After rendering it generates markup like

code generated by the dropdown

Now, I want to modify the class of the button (highlighted in yellow color) rendered in markup but I don't have direct access to the markup of the button How can we do that ?

  • Have you tried assigning an id to ngx-select-dropdown, then getting the first button? Like: `let button = document.getElementById('yourDropdownId').getElementsByTagName('button')[0]`, then set whatever css styles you want - by directly assigning styles to `button` or adding a specific css class to it. Do that in a code block after the dropdown is populated. – Misha Mashina Mar 17 '22 at 06:05

1 Answers1

1

You can see this thread for some older solutions: How to style child components from parent component's CSS file? keep in mind ::ng-deep is deprecated.

I prefer the following and I will probably add it to that thread.

The only way to get your css to permeate down to a child is to make the css file global. You can use ViewEncapsulation.None to make the css of the entire component global, but that's pretty messy. I prefer to just put this global class inside the global styles.css, or you can make a new file and add it to the styles array in angular.json.

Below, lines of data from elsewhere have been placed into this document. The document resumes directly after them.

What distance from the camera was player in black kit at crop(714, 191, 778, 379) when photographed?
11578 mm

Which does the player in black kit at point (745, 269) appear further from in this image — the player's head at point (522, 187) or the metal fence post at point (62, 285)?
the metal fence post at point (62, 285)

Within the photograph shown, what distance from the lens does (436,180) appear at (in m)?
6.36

So the question is what do we use as the selector? We can't just select button as it will override all the buttons in the project, and we don't want to use .ngx-dropdown-button alone because we might want different styles for different dropdowns. We want to add a specific class inside the component first. Make sure it is unique, probably best to use the component's name.

 <ngx-select-dropdown
        class="my-component-name-dropdown"
        [config]="config"
        [options]="dropdownOptions"
        [(ngModel)]="dataModel"
        [multiple]="false"
      ></ngx-select-dropdown>

Now we can select this specific dropdown from our global styles file. Though, we need to make sure we achieve a high enough specificity to override the default styles. The quick and dirty way is to just use !important next to every property, but then you leave no way to override your css. A better way is to repeat a class name until we achieve the desired specificity. I found I needed to repeat a class three times here.

In Global Styles File

.my-component-name-dropdown
  .ngx-dropdown-button.ngx-dropdown-button.ngx-dropdown-button {
  color: red;
}

Or the quick and dirty way

.my-component-name-dropdown .ngx-dropdown-button {
  color: red !important;
}

Of course if you want to override all ngx-dropdown-buttons, the unique class is not necessary and you can just use the .ngx-dropdown-button class.

Note: Many UI components have a class option in the config / options object to let you override the default css, you may want to request that the devs add this.